The 4th Circuit U.S. Court of Appeals, based in Richmond, Virginia, has become the second federal appellate court to rule that President Donald Trump’s third try at a travel ban directed at eight countries, of which six are Muslim-majority, is likely unconstitutional. Despite the fact that this third iteration of the ban, enacted in September after two previous efforts were set aside, is currently pending before the Supreme Court, which has allowed it to go into effect temporarily, the 4th Circuit on Thursday joined the 9th Circuit in finding that the ban is likely unconstitutional, because it is rooted in animus toward Muslims and thus violates the Constitution’s Establishment Clause.
In a 9–4 decision on behalf of the entire appellate court, Chief Judge Roger Gregory wrote that the government’s “proffered rationale for the Proclamation lies at odds with the statements of the President himself” and determined that “examining official statements from President Trump and other executive branch officials, along with the proclamation itself, we conclude that the proclamation is unconstitutionally tainted with animus toward Islam.”
In so doing, the en banc court upheld an injunction put in place by a lower court in Maryland that had blocked the newest version of travel ban. That injunction now awaits a final ruling at the Supreme Court.
Unlike the narrower 9th Circuit decision from December, which set aside the travel ban based on a reading of federal immigration laws, the 4th Circuit went much further, addressing constitutional infirmities that it found in Trump’s first version of the executive order, signed in January 2017. Painstakingly citing every single anti-Muslim statement and tweet made by Trump from the day he signed the first travel ban into effect, Gregory noted that On a fundamental level, Trump’s Muslim travel ban “second-guesses our nation’s dedication to religious freedom and tolerance.” Citing tweets and statements proffered by the president about the central purpose of the ban, the court determined that “the President of the United States has openly and often expressed his desire to ban those of Islamic faith from entering the United States.” Further, notes the majority, it’s just not proven that the government has a “bone fide” purpose in pursuing the ban, and that the nondiscriminatory reasons proffered in the newer ban, still don’t amount to a reasoned basis for this kind of action.
The judges in the majority also found that the plaintiffs—the families affected by the new version of the order—were likely to succeed on the statutory claims as well.

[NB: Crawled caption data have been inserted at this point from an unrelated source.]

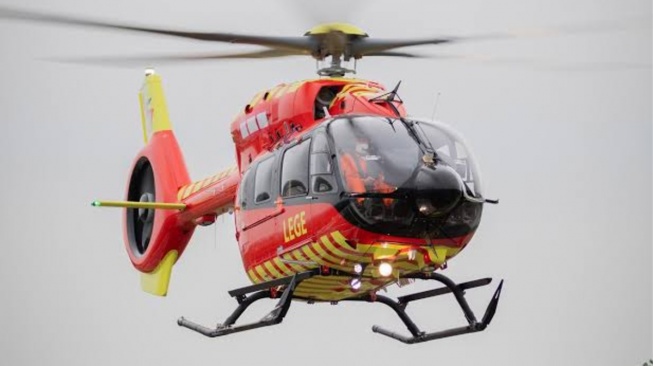 Helikopter Ambulans Jatuh di Sarawak, 5 Petugas Medis dan Pilot Malaysia Tewas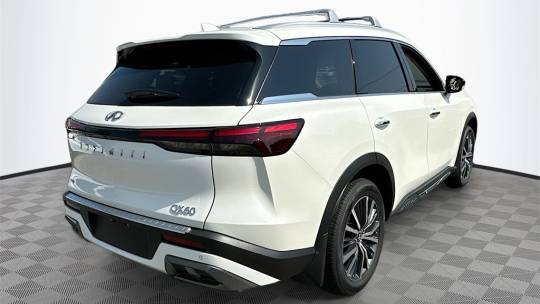 2025 Infiniti QX60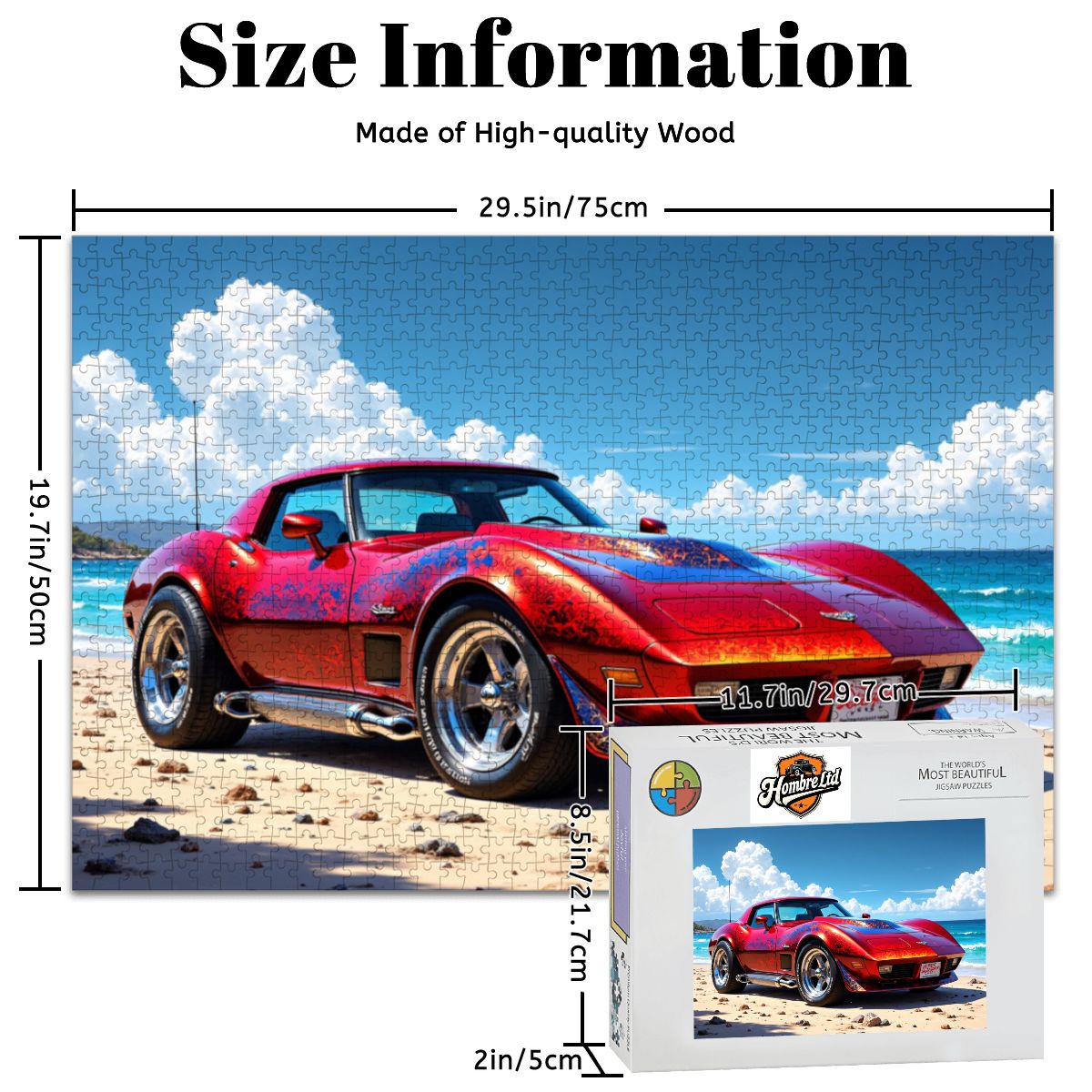 Jigsaw Puzzle 1000 Piece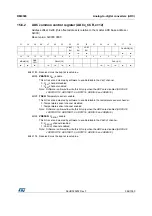 Preview for 386 page of STMicroelectronics RM0365 Reference Manual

Several concurring opinions offered up various other rationales for setting the travel ban aside, presumably in an effort to give the Supreme Court a narrower basis from which to rule if the constitutional arguments are not persuasive. The principal dissent, authored by Judge Paul Niemeyer accused the majority of failing to defer to the executive branch, and failing to recognize how the ban has changed since its first incarnation. Niemeyer charged that “the opinions of the district court and those supporting the majority’s judgment are demonstrably wrong in virtually every material respect.”
The Supreme Court, which signaled the possibility that it will side with the government and uphold the ban when it allowed it to go into effect in December, has already asked for briefing on both the statutory and constitutional questions raised by the travel ban. The high court will presumably have the last word on all this. Arguments on the 9th Circuit’s decision are already scheduled for April, and the fate of the 4th Circuit’s ruling—all 285 pages—will wait until then.
Becca Heller, director of International Refugee Assistance Project, who brought this suit, reached via email gave this statement: “With all of the news swirling around these days, real, fake, absurd, or otherwise, it’s easy to forget that one of President Trump’s most harmful and insidious policies is still on the books. As Americans, we must continue to remember the hundreds of millions of people now banned from our country solely based on their religion or nationality. We must keep fighting for them. Even when they are not making headlines.”